Exercise instructions — Retype the lines of the material below, exactly and only, from the one containing "American avocet. Young" through the last line, with pictures left out.

Provided data —
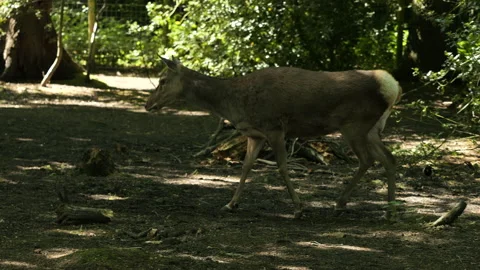 Red Deer 1 Stock Footage 197126523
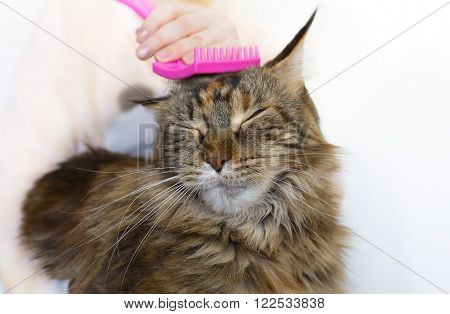 Girl combing Maine Coon on the table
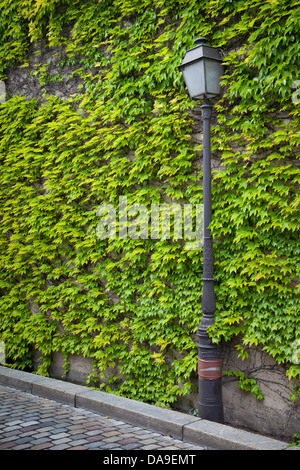 Laternenpfahl gegen Efeu bedeckt Wand in Montmartre, Paris Frankreich Stockfoto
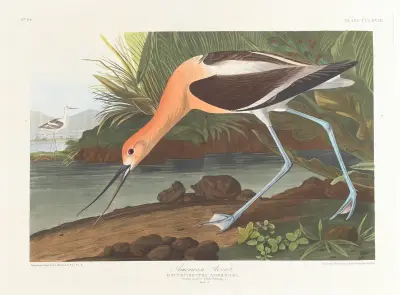 American avocet. Young in first winter plumage av John James Audubon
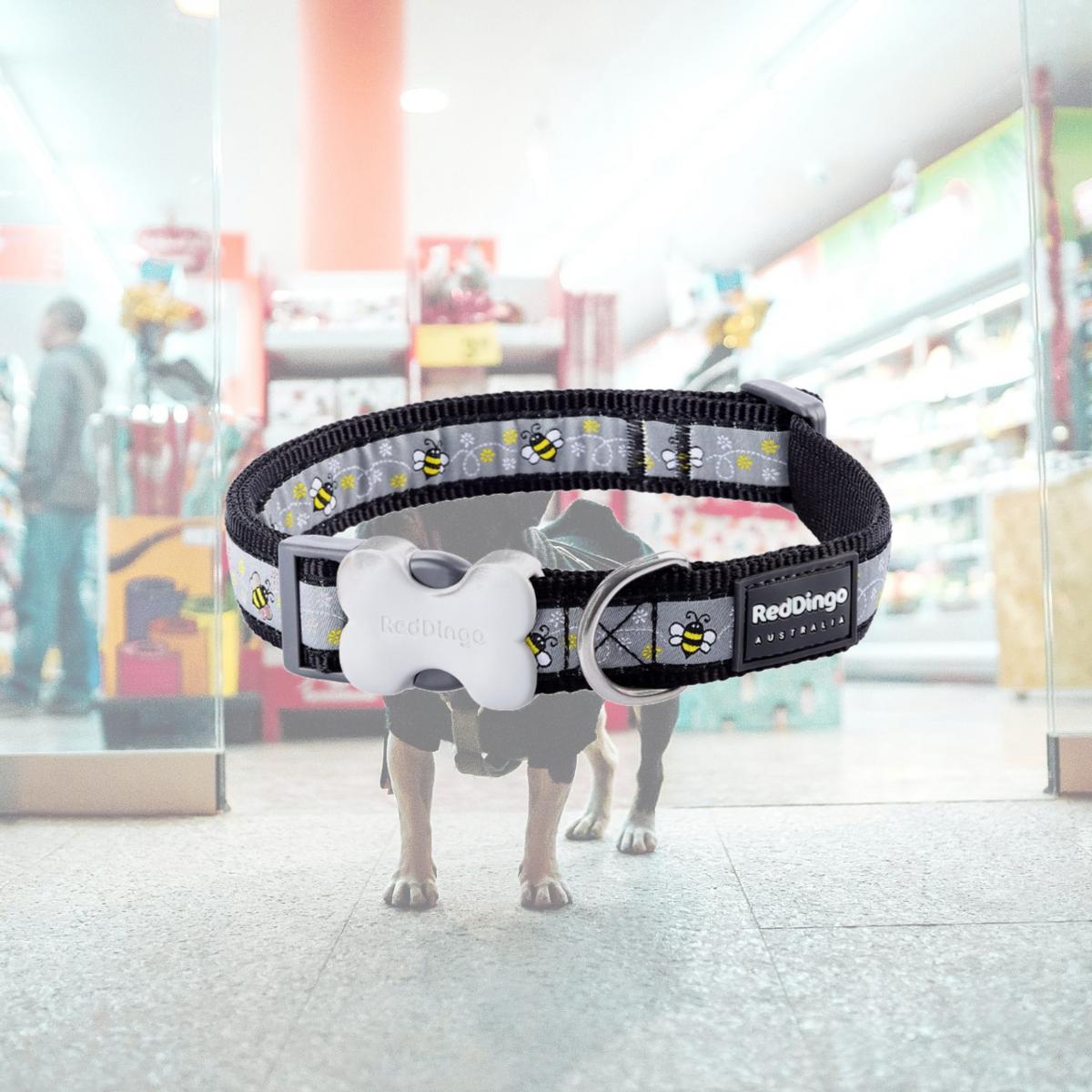 Picture of Red Dingo DC-BM-BB-20 Dog Collar Design Bumble Bee Black - Medium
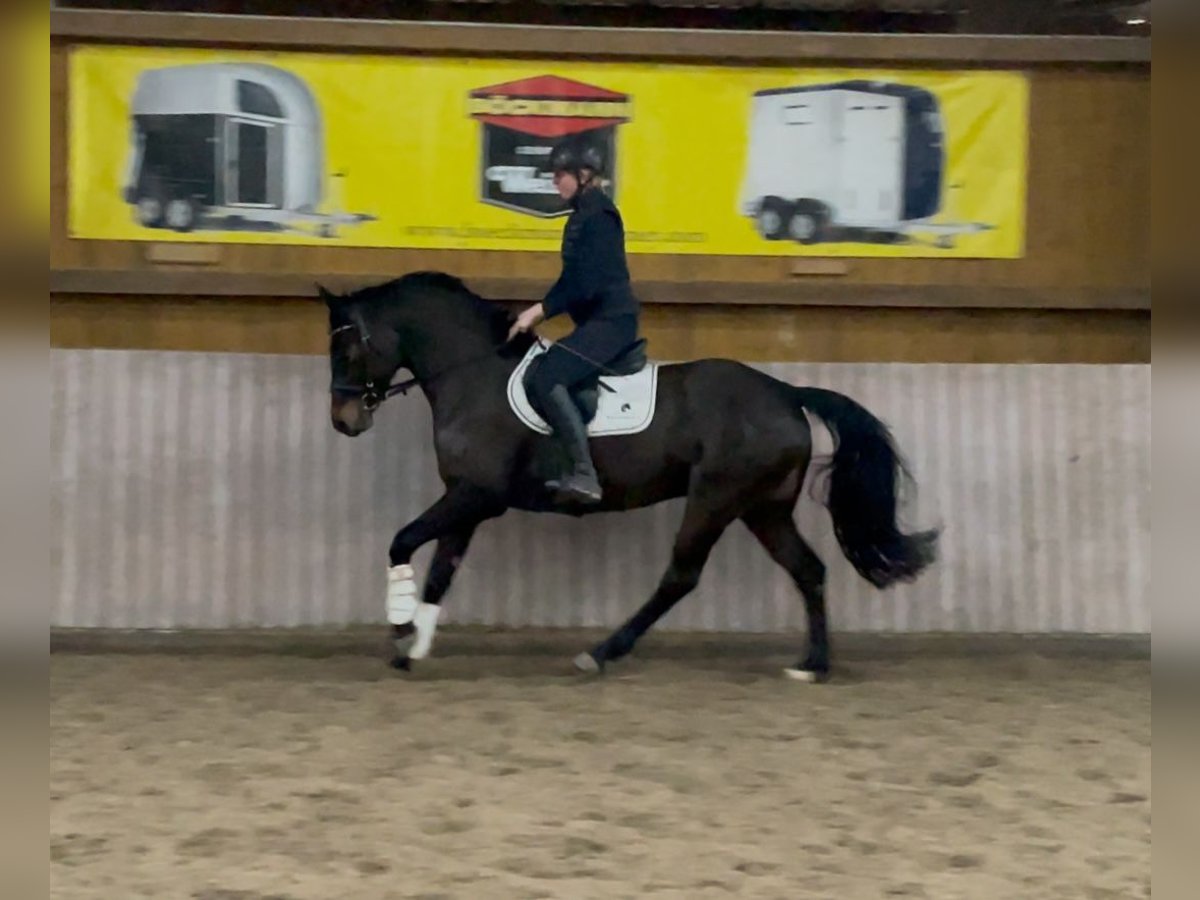 Hannoveriano Yegua 5 años 162 cm Castaño oscuro in Schenklengsfeld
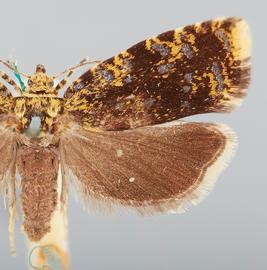  Female. © John W. Brown. Image used with permission.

Response —
 American avocet. Young in first winter plumage av John James Audubon
 Picture of Red Dingo DC-BM-BB-20 Dog Collar Design Bumble Bee Black - Medium
 Hannoveriano Yegua 5 años 162 cm Castaño oscuro in Schenklengsfeld
  Female. © John W. Brown. Image used with permission.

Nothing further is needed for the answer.